Y luego alguien me coge de la mano y me da la vuelta, sus dedos huesudos apretando los míos.

– Es por aquí. Sólo unos pasos más.

Mantengo los ojos cerrados y empiezo a caminar de nuevo. El suelo está hecho un desastre y mis pies siguen tropezando con cosas. Los levanto, tratando de pasar por encima, a través, rodeándolos; todo con los ojos bien cerrados.

Y de repente ya no hace calor. El estruendo ha desaparecido de mis oídos. Estoy en el otro lado, en la cocina.

Hay un hueco donde estaba el cuerpo de mi padre, y un rastro a través de los escombros hasta la puerta de atrás. Hay gente que viene corriendo. Unas manos me dan unas palmaditas donde mi ropa está ardiendo y me llevan afuera. Unas voces me lanzan preguntas. El aire fresco me golpea los pulmones, entrando a la fuerza a través del humo que hay dentro de mí.

Trato de librarme de las manos, de las voces. Quiero volver. Quiero estar con Adam y Mia. Tengo que ir a por ellos.

Las voces se unen en un coro, en un grito colectivo.

– ¡Mirad!

Me doy la vuelta y Adam está cruzando la puerta de la cocina. Está ardiendo, con llamas que salen de su ropa y su cabello mientras camina.

– ¡Oh, Dios mío!

Luego está rodeado de gente. No lo veo a través del muro de espaldas, piernas y pies.

– ¡Adam! -chillo-. ¡Adam!

El muro se rompe y lo veo, en el suelo, envuelto en algo de los pies a la cabeza. Le hacen ir rodando de un lado a otro. Y a través de todo ese ruido, de los chillidos y los gritos, mis oídos captan la voz que necesito oír, que significa tanto para mí, que forma parte de mí. Mia. Está llorando. Está viva.
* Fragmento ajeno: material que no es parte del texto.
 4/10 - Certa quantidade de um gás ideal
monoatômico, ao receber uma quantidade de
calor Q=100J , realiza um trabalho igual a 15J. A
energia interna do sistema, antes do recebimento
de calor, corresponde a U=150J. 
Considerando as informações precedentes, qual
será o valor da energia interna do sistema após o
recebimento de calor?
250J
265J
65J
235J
Cruzo corriendo la multitud y me abro paso en la distancia. Ahora están desenvolviendo a Adam, quitándole la manta. La gente enmudece cuando queda al descubierto: su cabeza, sus hombros, su pecho. Está de lado, de espaldas a mí. En la parte posterior de su cabeza no tiene nada de pelo, y su ropa se ha quemado. Tiene la piel llena de ampollas, deshecha.

Tiene los ojos cerrados; su parte delantera, su cara y sus brazos, no están tan mal. Ha sido su espalda la que ha sufrido el calor y Mia todavía continúa en sus brazos.
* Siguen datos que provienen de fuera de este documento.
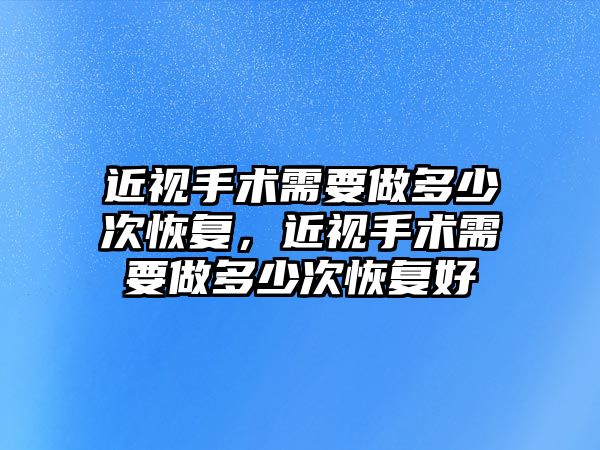 近視手術需要做多少次恢復，近視手術需要做多少次恢復好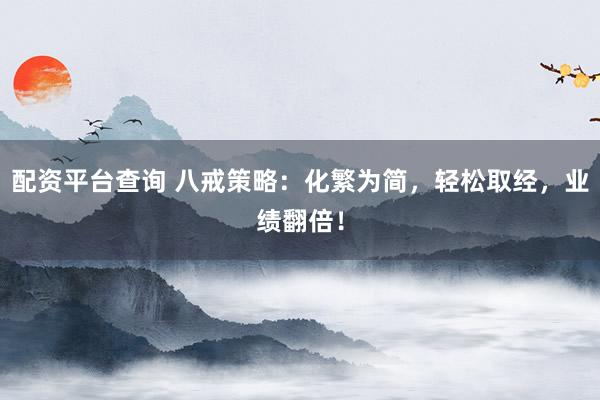 配资平台查询 八戒策略：化繁为简，轻松取经，业绩翻倍！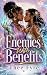 Enemies With Benefits: A Fo...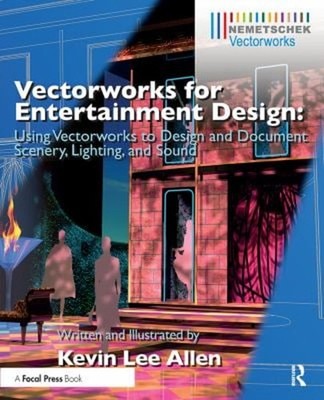 Vectorworks for Entertainment Design : Using Vectorworks to Desig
– Déjenme -digo y deslizo con cuidado las manos por debajo de su cuerpo y la levanto alejándola de él. Está llorando, pero en cuanto la cojo, siento que su cuerpo se relaja. El llanto amaina y, con unos últimos sollozos estremecidos, se detiene y abre los ojos.

– Mia -digo-. Mia.

Ella me mira fijamente con sus ojos tan azules.

– Mia, ahora estás a salvo. Todo va bien. Ahora estás a salvo.

– ¿Está bien?

La voz de Adam es un susurro. Sus ojos también están abiertos.

– Sí -digo-, está bien. Mira, está bien. La has salvado.

La sujeto cerca de su cara para que pueda verla, pero vuelve a cerrar los ojos.

– No puedo -dice-. No puedo mirar.

– Sí, sí, puedes. Ella está bien.

Mia hace gorgoritos y extiende un brazo hacia él. Los diminutos pelillos de su piel están chamuscados, pero su piel es sonrosada, saludable y perfecta. Ella le toca la cara y él abre los ojos.